Until this programme was launched, most independent research on methane emissions from oil and gas had focused on US onshore facilities. Their findings showed wide variances across operations, with a few large emitters pushing up overall levels higher than expected – but it was not clear whether these findings could be extrapolated more generally.

The Oil and Gas Methane Science Studies use multiple methodologies – measuring on the ground, by air and by sea. They collect data on different types of infrastructure to make a robust quantification of global oil and gas methane emissions. The research is intended to fill knowledge gaps and help companies across the oil and gas value chain to reduce emissions in a more targeted way.

The research is conducted by separate independent teams of scientists, coordinated by Steve Hamburg, the Chief Scientist of EDF. Following peer review, the papers are now being published in a variety of scientific journals.

A dozen scientific studies have been funded so far under the CCAC Methane Studies programme to measure methane emissions in oil and gas supply chains.
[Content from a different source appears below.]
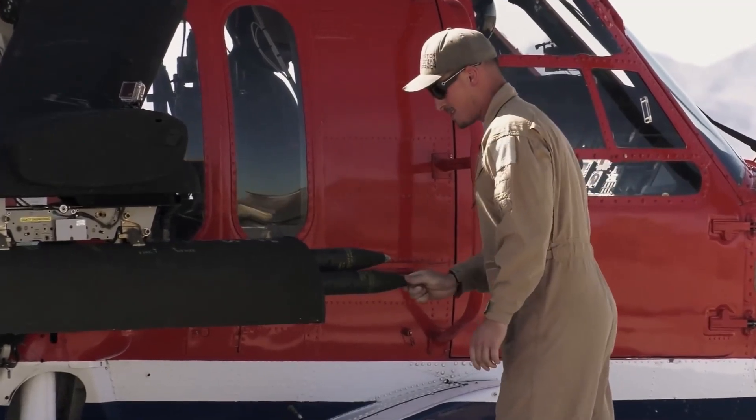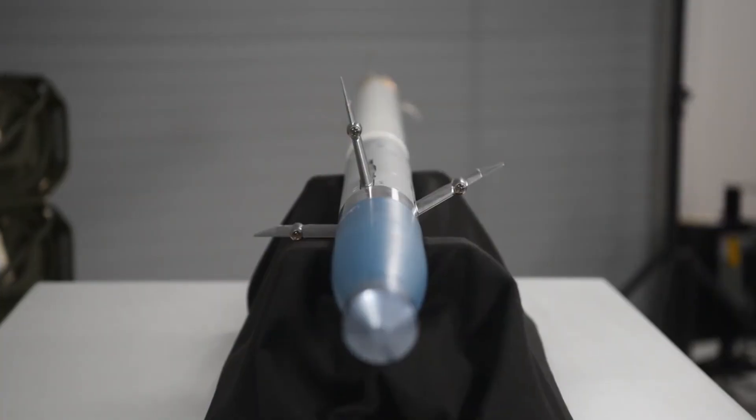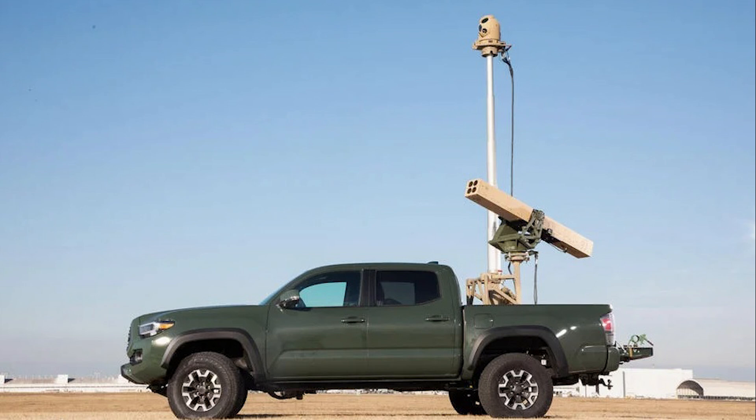The APKWS is a comparatively low-cost precision weapon that takes the ubiquitous 70mm aerial rocket, as carried by many attack helicopters, and adds a laser seeker and guidance module. I haven't uncovered the actual cost of the Vampire system, though the APKWS is reported to be one of the cheapest precision munitions you can get.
These cover the Gulf of Mexico, North Sea, midstream/downstream, global LNG, Australia, Norway and Africa.

To date, five peer-reviewed papers have been published:

Gulf of Mexico

Methane Emissions from Offshore Oil and Gas Platforms in the Gulf of Mexico
Tara I. Yacovitch, Conner Daube, and Scott C. Herndon
Environmental Science & Technology 2020 54 (6), 3530-3538 (February 2020)

Abstract

Shipboard measurements of offshore oil and gas facilities were conducted in the Gulf of Mexico in February 2018. Species measured at 1 s include methane, ethane, carbon-13 (¹³C) and deuterium (D) isotopes of methane, and several combustion tracers. Significant variability in the emission composition is observed between individual sites, with typical ethane/methane ratios around 5.3% and ¹³C and D methane isotopic compositions around −40 and −240‰, respectively. Offshore plumes were spatially narrower than expectations of the plume width based on terrestrial atmospheric stability classes; a modified Gaussian dispersion methodology using empirically measured horizontal plume widths was used to estimate the emission rates. A total of 103 sites were studied, including shallow and deepwater offshore platforms and drillships. Methane emission rates range from 0 to 190 kg/h with 95% confidence limits estimated at a factor of 10. The observed distribution is skewed with the top two emitters accounting for 20% of the total methane emissions of all sampled sites. Despite the greater throughput of the deepwater facilities, they had moderate emission rates compared to shallow-water sites. Analysis of background ethane enhancements also suggests a source region in shallow waters. A complete 1 s measurement database is published for use in future studies of offshore dispersion.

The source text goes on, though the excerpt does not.